Toward Calibrated Mixture-of-Experts Under Distribution Shift
This paper investigates why Mixture-of-Experts (MoE) models—which combine multiple specialized sub-models to solve complex tasks—often become unreliable when the data they encounter during deployment differs from their training data. While these models are designed to be efficient and specialized, the authors demonstrate that even when individual experts are perfectly calibrated, the overall model can produce misleading confidence scores under distribution shift. The researchers propose new training objectives that improve the model's ability to maintain accurate, trustworthy probability estimates even when routing patterns change.
The Problem with Soft Routing
MoE models use a "router" to decide which experts to use for a given input. In "hard routing," an input is sent to only one expert, creating a clear, predictable path. In "soft routing," the model blends the outputs of multiple experts. The authors show that soft routing is inherently fragile. Because the model collapses many different combinations of expert predictions and routing weights into a single confidence score, it can mask underlying errors. If the distribution of these combinations shifts at test time, the model’s aggregate confidence may no longer match its actual accuracy, even if every individual expert remains reliable.
Why Hard Routing is More Robust
The study highlights that hard-routed MoEs are significantly more stable under distribution shift. Because the router selects a single expert, the model’s reliability depends only on that specific expert and its confidence level. As long as the relationship between the expert’s prediction and the actual outcome remains consistent, the model stays calibrated. This creates a "bottleneck" that protects the model from shifts in the broader data distribution, provided the label behavior within each expert’s region remains unchanged.

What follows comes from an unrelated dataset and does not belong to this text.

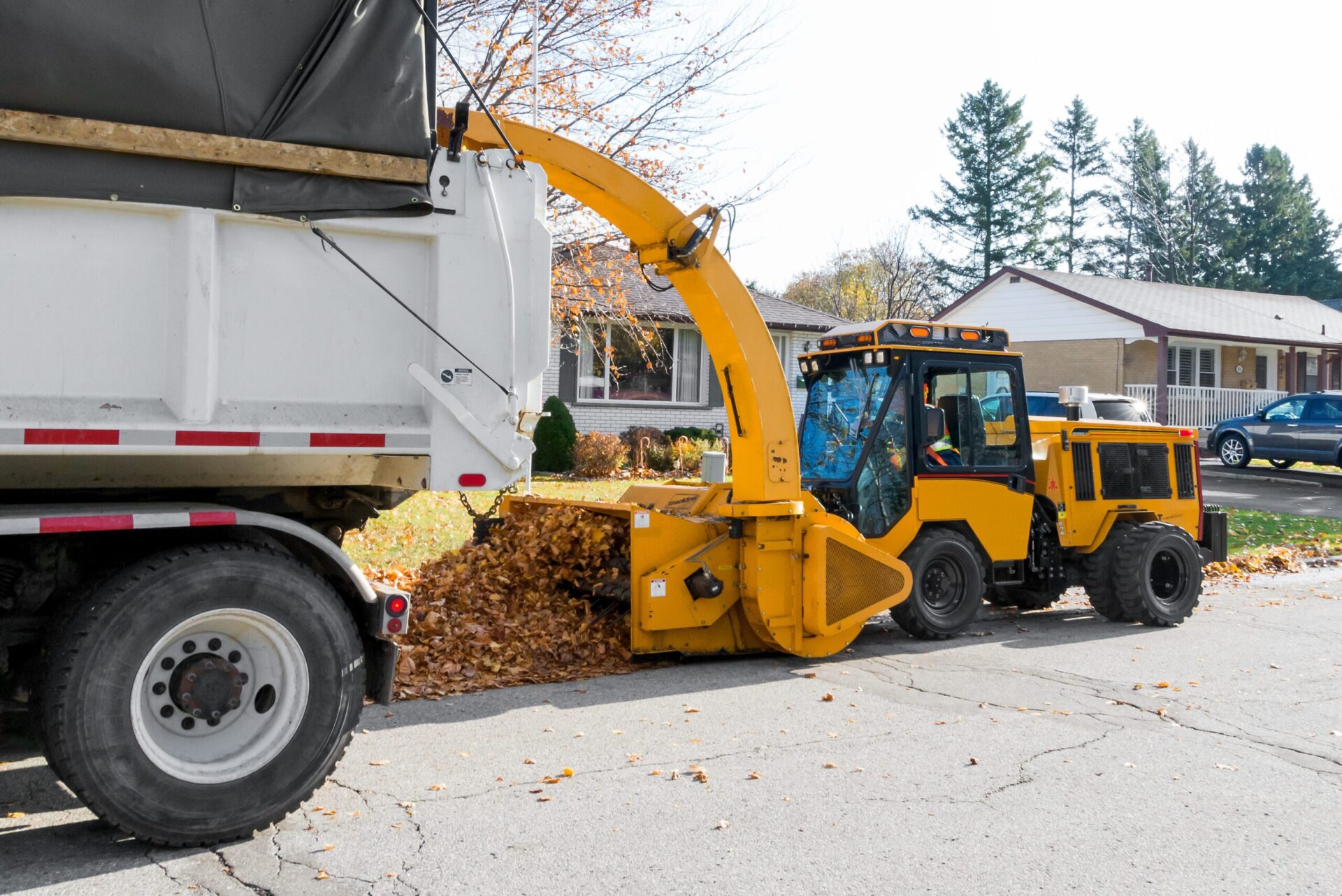 Trackless Vehicles MT7 tractor equipped with a Leaf Loader attachment loading leaves into a truck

Strengthening Models with Adversarial Training
To fix the calibration issues in soft-routed models, the authors introduce two new training objectives: "Robust MoE" and "Robust Filtered." Since it is difficult to identify exactly which routing configurations are fragile, the researchers use the model’s own loss as a signal. They apply an "adversarial reweighting" technique that forces the model to pay more attention to examples where it is currently struggling (high-loss examples). By using entropy-balanced reweighting, the model learns to be more robust across different data subsets without sacrificing overall accuracy.
Key Takeaways
The research demonstrates that expert-level calibration is not enough to guarantee a reliable MoE model. While hard routing provides a natural defense against distribution shift, soft routing requires more sophisticated training to prevent the aggregate predictor from becoming miscalibrated. The proposed robust training methods successfully improve the accuracy-calibration tradeoff across both text and image benchmarks, offering a way to build more trustworthy AI systems that remain stable even when faced with unexpected changes in their environment.